For millions of Americans, Social Security is the lifeline that keeps them financially afloat during retirement. But what if, just as you’re approaching your golden years, you discover that your monthly check is in jeopardy? That’s exactly what could happen if you still have unpaid student loans—and it’s a reality more common than you might think.
The hidden risk to your Social Security payments
Many people assume that once they’ve worked for at least 10 years and reached the minimum retirement age of 62, their Social Security benefits are guaranteed. But there’s a catch: the federal government has the authority to garnish Social Security payments to recover certain types of debts—including unpaid student loans.

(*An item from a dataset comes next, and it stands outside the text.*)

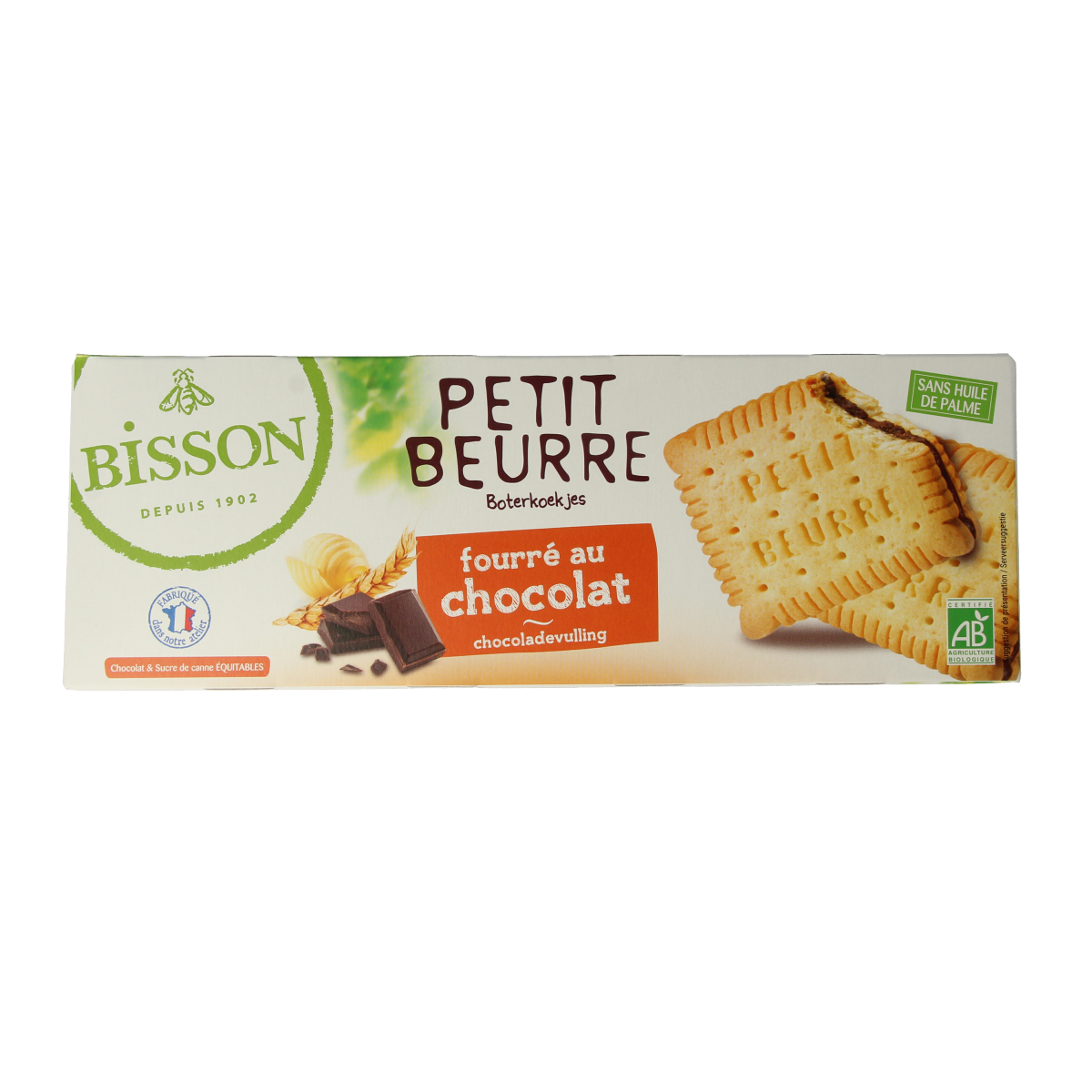 Bisson Petit buerre biscuit met chocolade biologisch 197 gram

This means that if you have an outstanding federal student loan, the government can withhold part of your Social Security check until the debt is repaid. For retirees relying solely on their benefits, this can be financially devastating.
How student loan debt can follow you into retirement
You might think student loans are a young person’s burden, but the truth is that millions of Americans over 50 still owe money on their education. Some took out loans later in life to change careers, while others became co-signers for their children or grandchildren. Either way, the consequences of unpaid loans can be severe.
When student loan payments are neglected, the Department of Education can take action by garnishing wages, tax refunds, and—yes—even Social Security benefits. Unlike most other debts, federal student loans don’t disappear with age, and bankruptcy doesn’t always clear them.
What happens when Social Security gets garnished?
If you default on your federal student loans, the government can withhold up to 15% of your Social Security check. While they won’t take your entire benefit, they can reduce your payment significantly, leaving you with less money for essentials like rent, food, and healthcare.
Even worse, the government can garnish Social Security Disability Insurance (SSDI) benefits as well, making it even harder for those who are unable to work to stay financially stable.
Can you stop Social Security garnishment?
The good news is that there are ways to prevent or reduce the impact of student loan garnishment:
- Loan consolidation or repayment plans – Some federal programs allow borrowers to restructure their debt, making it easier to manage.
- Income-driven repayment plans – These plans can lower monthly payments to a more affordable amount based on your income.
- Loan forgiveness programs – In some cases, borrowers may qualify for loan forgiveness after a certain period of payments or under special circumstances.
- Disability discharge – If you have a serious disability, you may be able to have your loans discharged entirely.
Don’t let student debt derail your retirement
If you’re over 50 and still have student loan debt—whether it’s yours or you co-signed for someone else—it’s essential to address it before you retire. The longer the debt lingers, the greater the risk that it will eat into your Social Security benefits.
For those already facing garnishment, contacting a Social Security office or a financial advisor can help you explore your options and find the best way to regain control of your benefits.